Your answer must be the full listing, reproduced exactly, minus any pictures.

***** Data provided *****

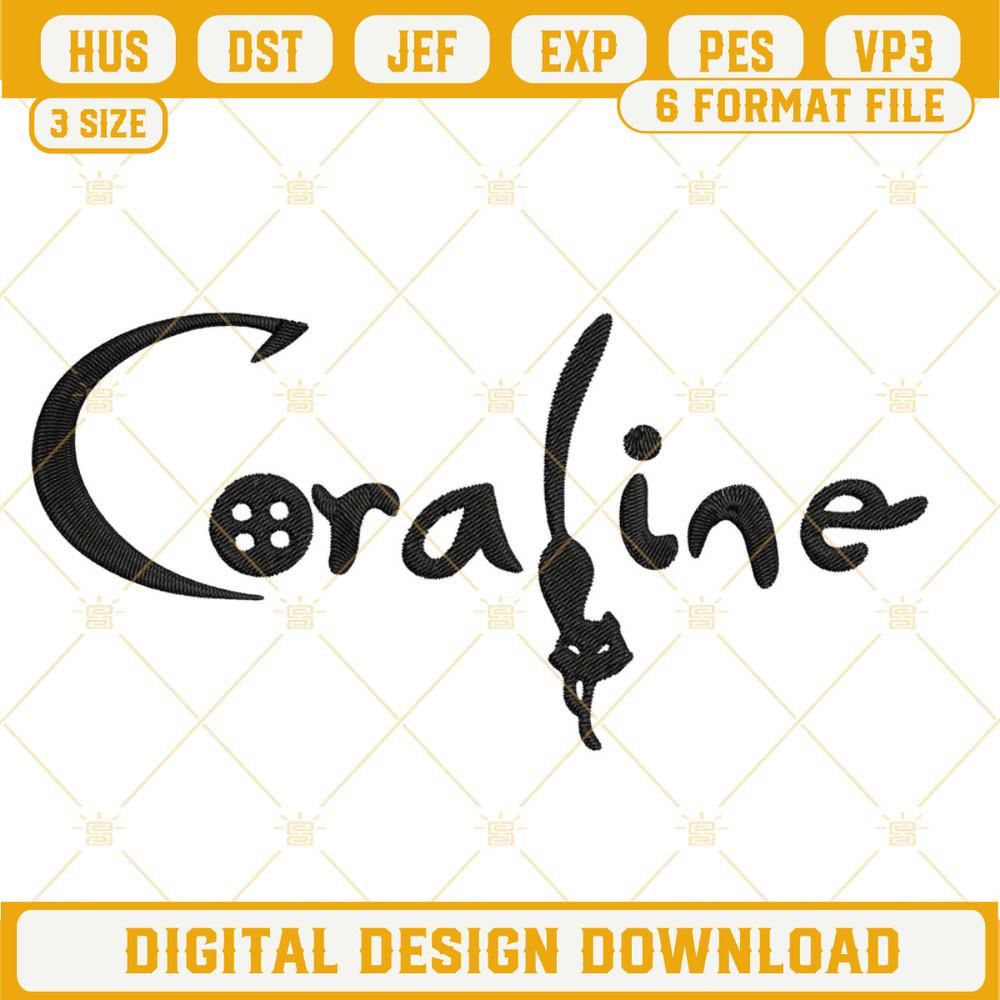 Coraline Logo Cat Machine Embroidery Design File.jpg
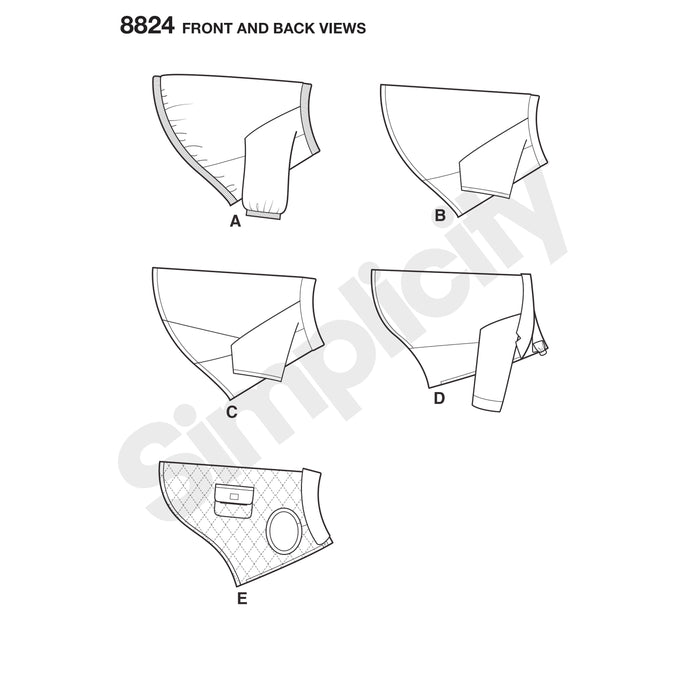 8824 Dog Coats in Three Sizes. Size: S-L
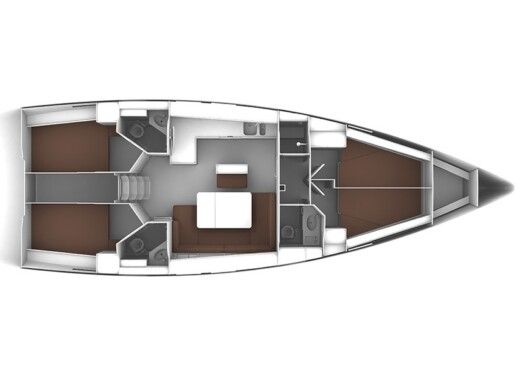 Sailboat Bavaria Bavaria Cruiser 46 Boat layout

*****

▶ **Solution to this problem**:
 Coraline Logo Cat Machine Embroidery Design File.jpg
 8824 Dog Coats in Three Sizes. Size: S-L
 Sailboat Bavaria Bavaria Cruiser 46 Boat layout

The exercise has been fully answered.